By using an FMEA, the practitioner can systematically identify, analyze, prioritize and document potential failure modes, their consequences on a system, product or process and prevent future failures from occurring.
The aplications of FMEAs are nearly limitless. Early applications were largely oriented towards flight safety in the aerospace industry. Safety FMEAs have since spread into manufacturing, design and development, administrative, accounting and finance process as an attempt to eliminate errors and reduce failures and customer complaints. Wether the FMEA is being accomplished on a complex system, product or process, the earlier it is used in the life cycle of a product or process, the greater the potential for positive resoults.
When and How Use the Failure Mode & Effect Analysis?
Prior to beinning an FMEA, the following should be addressed:
- An appropiate, cross-functional team should be commissioned and a team leader selected. All team members must know who the FMEA "owner" is.
- Next, the system, product or process must be thoroughly defined. For a process, a process follow diagram or process map, defined elsewhere in this guide, best accomplishes this. For a system or product, this can be accomplished using schematics, blue prints, engineering or manufacturing diagrams and drawings, or prototypes if available.

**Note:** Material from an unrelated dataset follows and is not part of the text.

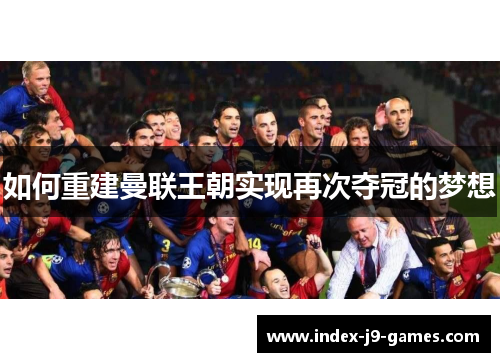 如何重建曼联王朝实现再次夺冠的梦想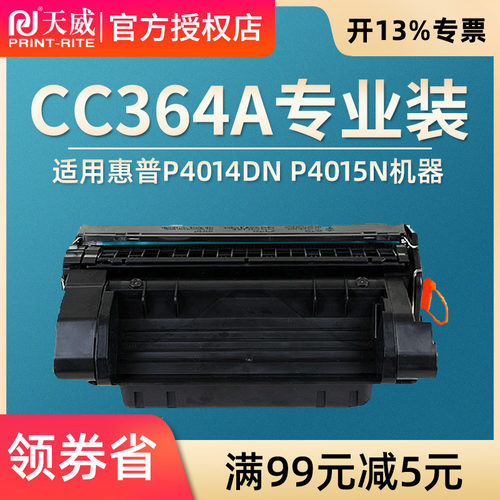 经久耐打 使用方便 品质之选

- The FMEA´s boundaries must be clearly defined to include deadlines, product limitations, budget(s), usuable resources, report format(s), final report dissemination or any other limitations.
- The size or scope of the problem must be considered. If the task is too large for one FMEA, it Might be advantageous to break the problem into smaller pieces and attend to each piece separately.
The basic steps for conducting a FMEA are as follows:
- Study the system, product or process to be analyzed.
- Brainstorm, over the multiple brainstorming session, the possible range of failure modes.
- List the potential consequences of each failure mode.
- Assign severity (SEV) scores for each failure mode.
- Identify the cause(s) of each failure mode.
- Assign occurence (OCC) scores for each cause.
- Identify current controls to detect the failure modes.
- Assign an escaped detection (DET) Score for each cause and control.
- Calculate the Risk Priority Number (RPN) for each line in the FMEA
- Prioritize the failure modes and causes based oin the RPN
- Determine the action(s) to be taken.
- Re-calculate the RPNs based on the action plans.
Ideally, the steps of an FMEA should be accomplished in order and each steps should be complete before progressing to the next step. However, this does not preclude the team from backtracking when they deem it necessary due to errors, incomplete steps, or incomplete information.